Looking at the continuity/discontinuity ambiguity pointed out at the beginning from the point of view of the Piagetian theory of equilibration, what our argument amounts to is that instead of thinking about the relation arithmetic/algebra as a completive generalization [Piaget and Garcia, 1984, p. 10] we should think of it as an abstractive reflection [Piaget, 1975, p. 39] which implies a difference of essence.

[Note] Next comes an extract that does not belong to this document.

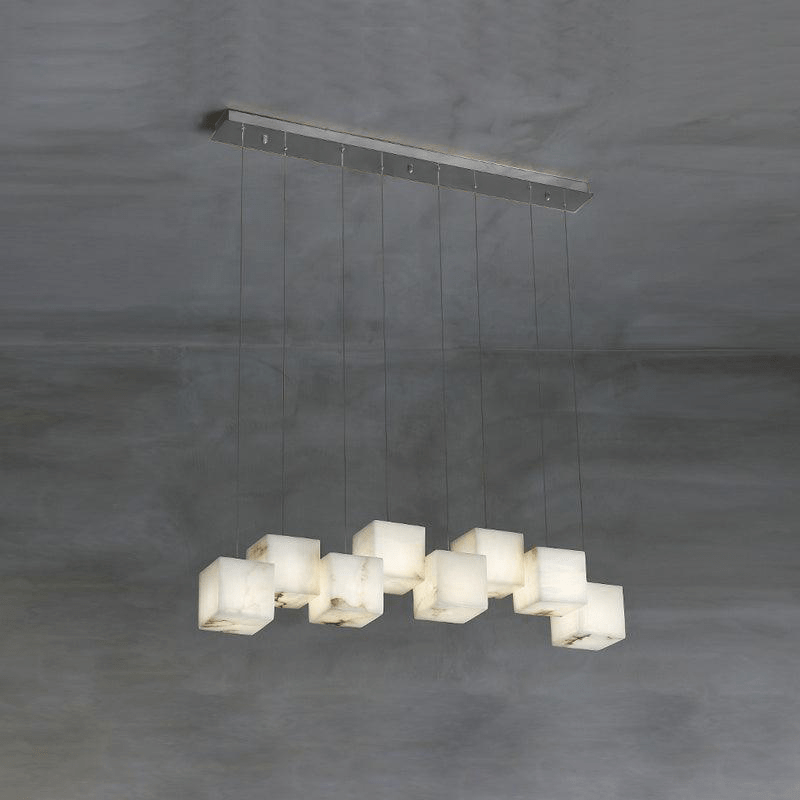 Alabaster Box Curated Alabaster Chandelier – 6 heads L 28.3 x W 4.7x H 78.7  L 72cm x finish configuration #1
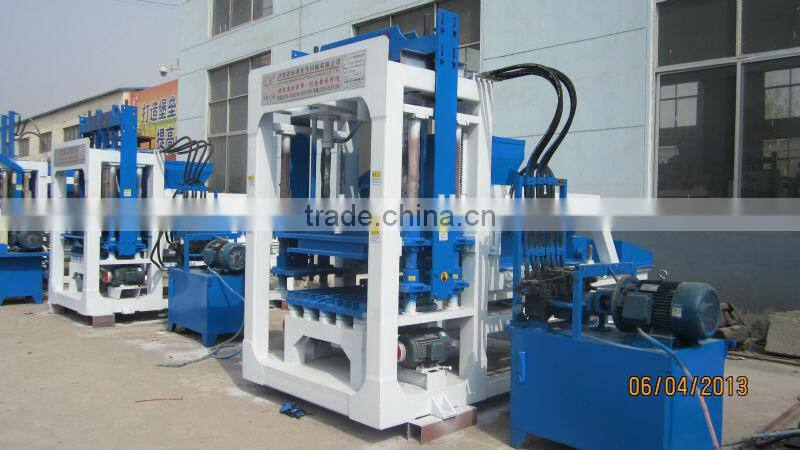 QTY6-15B Automatic cement fly ash interlocking brick machine hollow paving interlocking Automatic brick making machine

Didactical difficulty of the continuity point of view

The prevalent teaching strategy in introductory algebra courses is to conduct the student step by step from procedural to structural thinking following a supposedly continuous path. Research is then organized to observe, evaluate and boost progress along this path using teaching experiments, mathematical ability tests and interviews [Linchevski & Herscovics, 1996]. Instructional materials are supplied as needed: geometric models [Filloy & Rojano, 1989], balances [Linchevski & Herscovics, 1996, Aczel, 1998, da Rocha Falcão, 1995] or spreadsheets [Arzarello, Botazzini & Chiappini, 1995].

In their teaching experiment, Linchevski & Herscovics [1996] adopted a clear continuity strategy. They accepted the initial use of the inverse operations in reverse order naturally employed by the students for solving equations with a single occurrence of the unknown and let them proceed until their method became “lengthy and tedious”. Then they assumed that the students were “ready to be exposed to new points of view” [40] and started teaching them a decomposition-and-cancellation method to solve equations with two occurrences of the unknown on the same member. Next they introduced equations with the unknown on both sides. To the students they “pointed out that none of the methods they knew could effectively solve this type of equation” [53] and introduced the balance model to help them. However, in spite of all efforts, the students continued to solve the equations with only one occurrence of the  unknown by performing reverse operations in reverse order. “It should be pointed out how stable this procedure remained in the seven months since our initial assessment” [59]. So, the step by step strategy did not lead to the expected change. Why?

How much do these students praise the arithmetical undoing strategy that they have learned for solving one-unknown equations? When they found it “lengthy and tedious” and claimed that “there must be another way” [62], were they actually ready to be “exposed” to another point of view? What is the effect of “pointing out” to a student that his/her method is not “effective”? What is the nature of the change expected by this strategy?

The authors do not seem to acknowledge that the students may have a special taste for wrong answers as long as these are their answers, obtained by their methods and make them big, strong and worth of love for the gaze that they imagine to be watching them. Will they recognize in the instructors eyes the referential gaze for which they are willing to play the scene of their lives? What should be the nature of the demand enjoined by these eyes if the expected change is to be produced?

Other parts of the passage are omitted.